AVOIDING THE WINTER BLUES
Winter can be a tough time for everyone, particularly older people. But there are some things you can do to help elderly or ailing relatives get through winter reasonably active and mentally healthy.

  • Keep drives and walkways shoveled and free of ice. You can hire someone to clear driveways and walks, but many communities offer free driveway-plowing services to senior citizens.
  • Find out about heating bill assistance. If getting bills paid is a worry, find out if you or your loved one is eligible for an energy assistance program.
  • Change furnace filters. For maximum efficiency, this may need to be done as often as once a month.
  • Keep up social commitments, if possible. Continue to arrange rides to church, mosque or synagogue, the senior center or other activities.
  • Don't forget group meals. Many communities offer group meals for seniors. There might be a senior center in town, or the hot meals might be served at a community center. The opportunity to visit with others can provide a needed break in a seemingly long day.
  • Prepare and share a meal. You might like to enjoy a quiet meal together. Or if a neighbor offers to bring a casserole, suggest she stay and have a meal with your loved one.
  • Buy and fill a birdfeeder. Some birdfeeders attach directly to a window, so your loved one can easily see the ongoing show the cardinals and chickadees provide.
  • Offer to pick up and return books and videos. Your local public library may even have a delivery service for homebound people.
  • Send a letter. Even long-distance caregivers can bring some light into a dark day. Make a point to send a note or letter, especially in the winter.

You can get more ideas from the Family Caregiver's Support Program by calling toll-free, 866/432-4324. This nationwide free service can give personal assistance to caregivers whatever the season. The Eldercare Locator Service will help you find your local Area Agency on Aging. Phone toll-free, 800/677-1116. Your agency will have information on services available to the elderly, such as meals, driveway or walk-clearing, assistance with heating bills and respite care.

 
MAGAZINE DISCOUNTS FOR GREAT WINTER READING
Do you want to save money on subscriptions to your favorite magazines? AFT PLUS can help. As an AFT retired member, you are entitled to magazine discounts through the AFT PLUS Subscription Services program. Save up to 50 percent on your favorite magazines and on gift subscriptions for your friends and family. Choose from more than 1,000 titles including Bon Appetit, Golf Digest, Good Housekeeping, Newsweek, Prevention and Sports Illustrated. Call 800/877-7238 to order, check a rate or obtain a current listing of publications. 

 
QUOTES OF NOTE: MEDICARE EMPLOYER SUBSIDIES
"It is unconscionable for companies to receive billions of dollars in corporate welfare courtesy of the American taxpayer by slashing prescription drug coverage and retiree health benefits."

--U.S. Rep. Bernie Sanders (I-Vt.)

“If there's a Medicare reform bill signed by me, corporations have no intention to dump retirees [from their existing drug coverage]....What we're talking about is trust.”

--President George W. Bush

WEB SITE OF THE WEEK: www.financinglongtermcare.umn.edu
A new educational resource for consumers, developed by a professor at the University of Minnesota, is now online providing up-to-date information on long-term care risks, costs and financing alternatives. "Financing Long Term Care: A Resource Center for Families" offers a variety of decision-making tools such as interactive planning and assessment tools, fact sheets, myths and facts, conversation starters and an online self-study.
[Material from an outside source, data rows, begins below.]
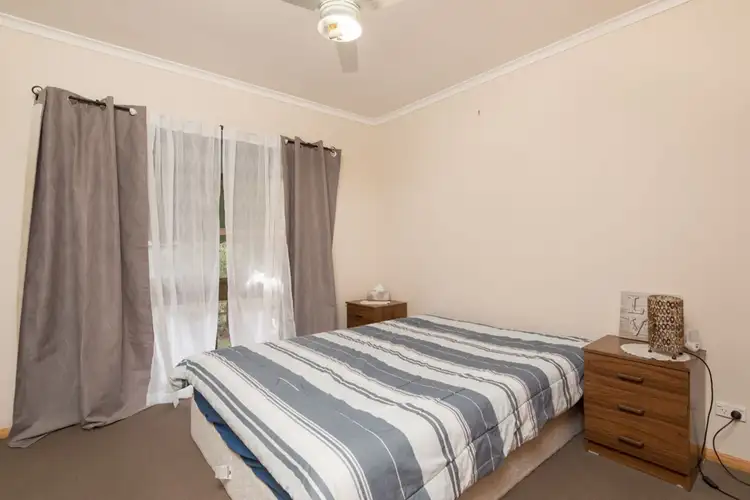 Fifth view of Homely unit listing, 2/305 Tenth Street, Mildura VIC 3500
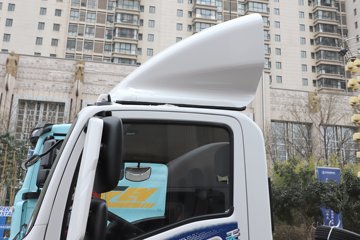 �������ó� ����S300 ���а� 4.2�׵��Ŵ��綯��ʽ�Ῠ 120.27kWhͼƬ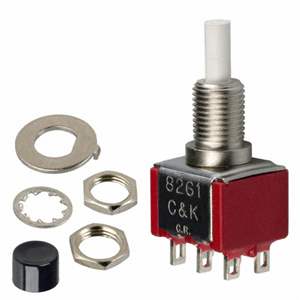 82PB19-T2 Honeywell – Price, Stock & Datasheet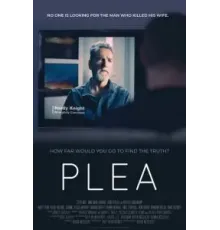 Plea (2024)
Contributors and sources: Bill Cunningham, Shantel Edmonds , Inside AFT, Alliance for Retired Americans Friday Alert, Medicare Rights Center, New York Times, Wall Street Journal, Associated Press, Richmond Times-Dispatch, Baltimore Sun, Washington Times, Detroit Free Press, Hartford Courant, Caregivers USA Newsletter, AoA Electronic Newsletter e-News, BNA Health Policy Report, Kaiser Health Policy Report. Frank Stella, editor; Annette Licitra, copyeditor; Renee Turner, design.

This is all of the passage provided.